Ethical aspects

The human experimental procedures conducted were all approved by the Ethical in Research Committee of the Centro de Estudos Superiores de Maceió, under protocol number 1588/12. All women provided written consent to participate in the study.

Population and sample

Low-income women with excess weight (BMI > 25 and < 40 kg/m²), aged 19–45 years, were included, using a non-probabilistic, convenience sampling approach. These women are mothers of undernourished children treated at the Centre for Nutrition Education and Recovery, a non-governmental institution, which aims to nutritionally recover undernourished children, located in a shantytown on the outskirts of Maceió-AL, a city with approximately 1 million inhabitants and a homicide rate of sixty-four per 100 000 per year in 2017. In the specific region of the shantytown, Human Development index is lower than 0·600, with a severe lack of infrastructure. Individuals living there usually come from the countryside, with an almost complete absence of a social network, since they do not bring any family or friend with them.

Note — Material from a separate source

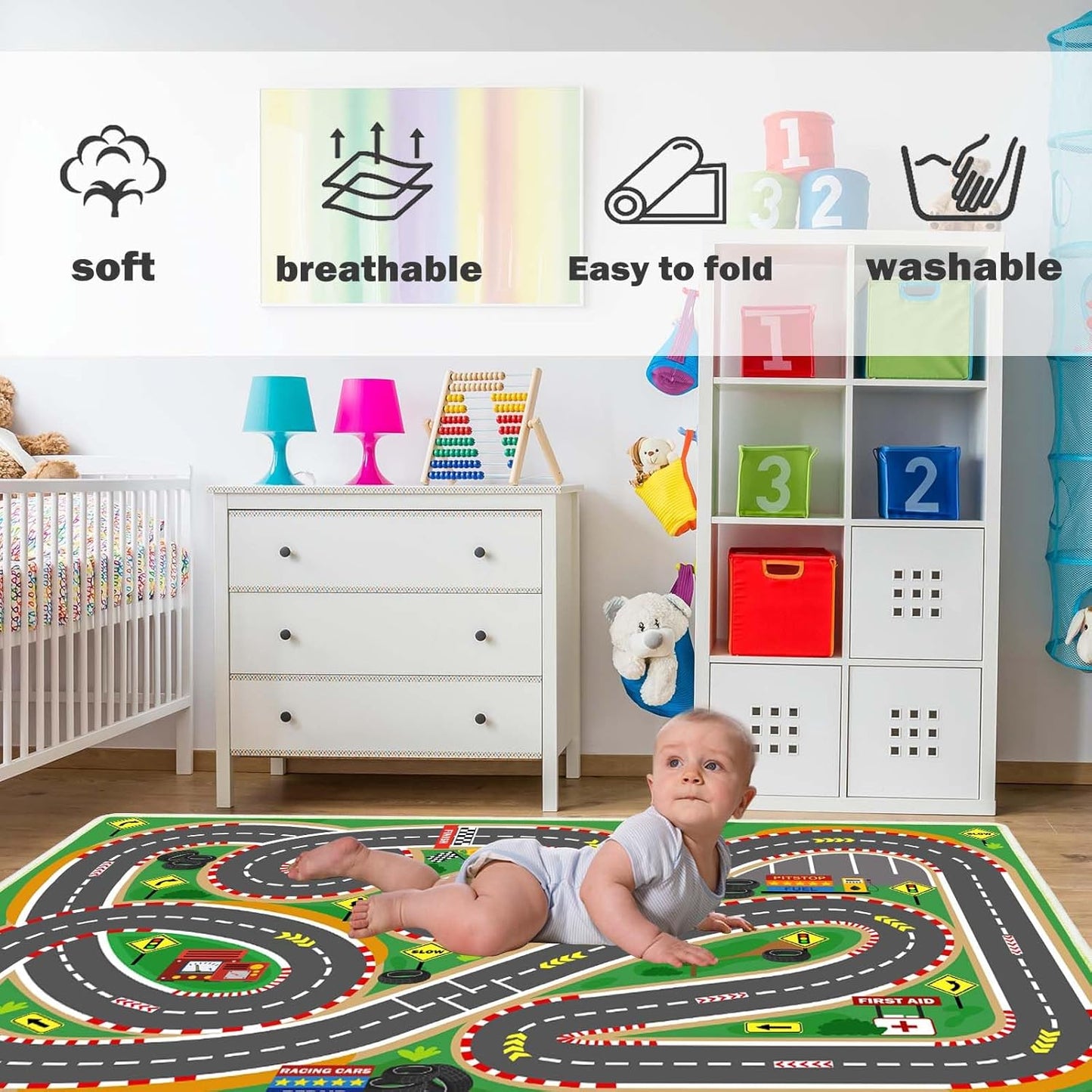 Kids Rug Play Mat Playroom Rugs Car Rugs for Kids Toy Cars Race Track for Classroom Rug(Race-Green, 6.6x9.9ft)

All mothers were invited to a screening at the centre. Pregnant and lactating women, those with physical impairment that interfered with anthropometric evaluation, those who self-reported to be dieting or presented with weight change in the previous month or during the 14 d of DLW assessment, and those who reported doing upper-body weight-resisted exercise, which cannot be detected by the triaxial accelerometers, were not included. All women underwent blood collection to determine concentrations of thyroid hormones, fasting blood glucose and insulin, and those with altered parameters were not included. Those who reported using antidiabetic or diuretic drugs or were doing thyroid hormones replacement were also not included.

Socio-economic and demographic data

A structured questionnaire was used to assess primary socio-economic and demographic data, such as age, years of formal schooling, number of children, the household crowding index (the number of individuals living in the household divided by the number of rooms in the household), labour situation and if the household receives financial aid from the government^{(Reference Florêncio, Bueno and Clemente15)}.

Anthropometric measurements

Body weight was measured using a digital scale (Filizola), and height was measured using a portable stadiometer⁽¹⁶⁾. BMI was calculated and classified according to the WHO cut-off points⁽¹⁶⁾.

Dietary intake data

Energy intake was estimated through the application of three 24-h dietary recalls in each participant, one of which at weekend day, with the aid of a photo book to assist in the quantification of food portions^{(Reference Monteiro17)}. In order to take into account the within-subject variance in the multiple 24-h dietary recalls, the de-attenuation method was used⁽⁵⁾. The same nutritionist undertook all the 24-h dietary recalls via in-person interviews and performed the coding and analysis of dietary assessments. More details can be found in another publication of the present study^{(Reference Lins, Bueno and Grotti Clemente18)}.

Doubly labelled water analysis

The TEE of the participants was estimated using the multiple-point DLW (²H₂ ¹⁸O) technique, according to the recommendations of the International Dietary Energy Consultancy Group^{(Reference Coward, Roberts and Cole19)}. In order to receive the DLW dosage, the volunteers could not be febrile, present oedema, should neither have practised intense exercises the day before nor have received intravenous fluids the week before the study. Also, they could not travel outside the State of Alagoas within 14 d after the administration, as this would cause a change in the source of drinking water. Initially, a 10-h fasting urine sample of all participants was collected to serve as isotope-free basal urine. Then, all women received a single dose of DLW. The dose of DLW was formulated considering the estimated total body water of the included women and was composed of 0·12 g of 99·8 % ²H-labelled water and 2 g of 10 % ¹⁸O-labelled water/kg of estimated body water. Body water was assumed to be 50 % of the women’s body weight⁽²⁰⁾. Next, urine samples of each volunteer were collected on the 1st, 2nd, 3rd, 7th, 12th, 13th and 14th day after dose administration.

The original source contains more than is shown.